For the Calvin Klein label, designer Raf Simons continued his exploration of Americana by remixing the visual tropes of titular horror heroines like Rosemary and Carrie on a set propped with cheerleader pom-pom raffia and axes. Carrie is represented by a delicate mesh dress fringed in shades of crimson and garnet red to resemble the fresh and congealing rivulets of pig's blood that doused Sissy Spacek at prom.
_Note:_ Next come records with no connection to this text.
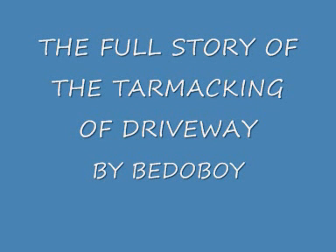Hi folks! This is the full story of the tarmac off the driveway by Betaboy.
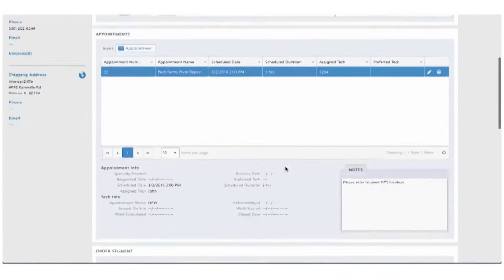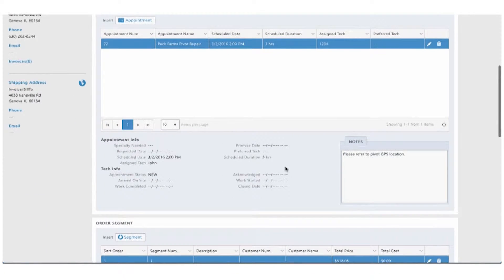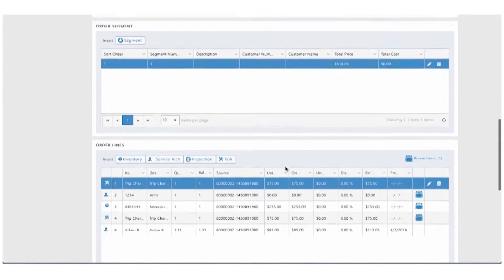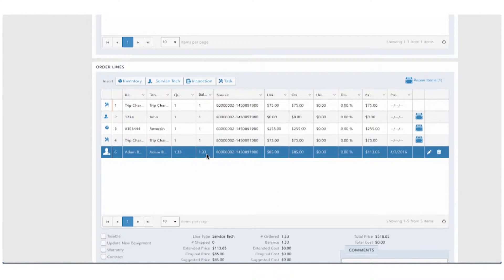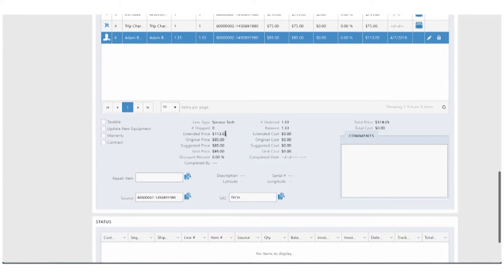All of that billing information is immediately integrated with the ERP system running in the background. With labor time immediately accessible after a tech closes a work order, you can speed invoicing and eliminate the need for duplicate data entry. The number of hours the tech worked and the amount you should bill is pulled in automatically.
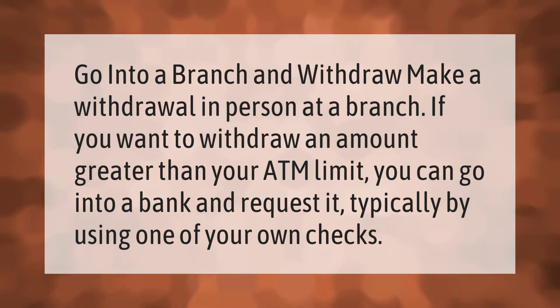Go into a branch and make a withdrawal in person. If you want to withdraw an amount greater than your ATM limit, you can go into a bank and request it, typically by using one of your own checks.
The Bride of Frankenstein, 1935.

"Danger is an attractive thing," Petrov says during a phone conversation. "It's sexy, we like to play with the idea of danger – and as long as we're playing, it isn't danger. It's fantasy, almost role-play." She then brings up the enduring influence of Jack the Ripper and Alexander McQueen, whose Central Saint Martins graduate collection was famously a take on victims. McQueen revisited that violence throughout his short career. "On one hand, these are real women who were brutally murdered, and it's about violence against women," she says, "yet the thing that remains in fashion is the sexualization [of that violence]."

The horror genre has linked fantastical, aestheticized violence with high fashion since the birth of Hollywood, from to the magnificently macabre glamour gowns of monster movie damsels in distress to the menacing witches in the hypnotic visual frenzy of Dario Argento's giallo Suspiria.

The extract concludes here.